Russel moved away from the hatch, opening the door into the habitation building, but he instantly halted when he found another dead body. The uniform belonged to Commander Sterling, but the body itself was unrecognizable, melted and burned into a lump of blackened and misshapen flesh.
"I was hungry," the thing explained, her voice broadcast between the two comm systems in their suits. "Your Commander was rather tasty, but I have to say the Engineer had a unique flavor."
Russel stepped around the body and kept moving. The thing's voice, projected out of his suit's speakers, hounded him through every passage. He considered switching off the system, but it would require opening access panels and altering components. Time was more precious to him than silence.
"I needed to find a way into the colony," the thing went on calmly, still using her voice. "Your wife was a convenient choice. I didn't feed on her as I needed the neural tissue intact to drain her memories. I thought I showed a great deal of restraint considering how hungry I was. Once I could masquerade as her, isolating and draining the colonists was a simple matter. I only needed time."
Russel ripped off his gloves as he reached a control console, so he could key in his access codes. Scrolling through the files, he found the right one and activated it, inputting three more codes to bypass the security protocols. When the program activated, the lights shifted to red and alarms began sounding. Gathering what energy he still possessed, he raced toward the escape pods. Launch tubes mounted in the roof of the habitation building held the escape pods, ready in the event the colony proved a failure or encountered something extremely hostile.

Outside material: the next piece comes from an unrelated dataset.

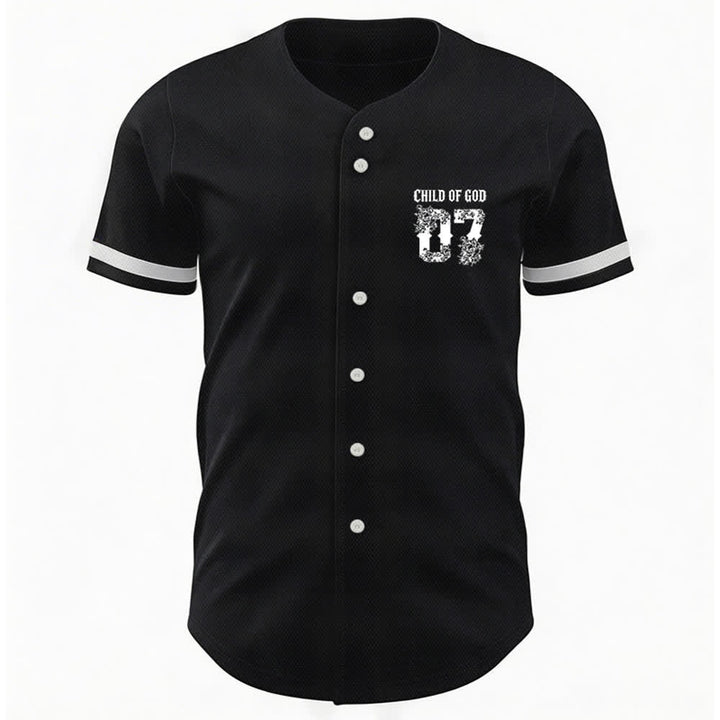 Christianartworkshop "Child Of God" Floral Filled Number 07 Button-Up Baseball Jersey - image 2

A rapid flashing blue light joined the slow strobing red as a new alert began, warning of a containment breach in the habitation building. He knew the thing would be racing toward the escape pods, not only to catch him but to flee before the self-destruct system he'd activated finished the countdown. Sealing the launch chamber behind him, he flipped the levers beside each pod to fire them off one after another until only a single pod remained. Climbing inside, he settled into the padded seat as the pod door slid shut.
"Honey?" the thing snarled outside the door to the launch chamber. The voice was barely recognizable as his wife's anymore. "We can still make this work. Can't we just talk?"
"I'm only food to you," Russel answered. "You don't see me as anything other than a resource to be tapped, used up, and discarded. Goodbye."
Russel knew the thing was too far from the other buildings to break through all the defenses before the countdown completed, and the blast radius ensured she'd never outrun it. The pain of his wife's loss was still with him, but knowing her killer would die brought him a small amount of satisfaction. Looking the thing in the eye, he smiled at it before pressing the launch button in the pod. The room and the creature outside the door fled from his view as the pod shot away from the facility and into the atmosphere. Below him, the colony, its alien menace, and all the terrain for five miles in every direction vanished in an explosion of blinding white.
As the pod reached orbit, Russel linked his computer with an orbiting communication satellite, transmitting a distress signal back to Central Command. Afterwards, he altered the satellite's broadcast to put out a continuing hazard advisory. No one would ever go down to the planet's surface again. Leaning back in the cramped confines of the pod, he closed his eyes and waited for the rescue ship to arrive.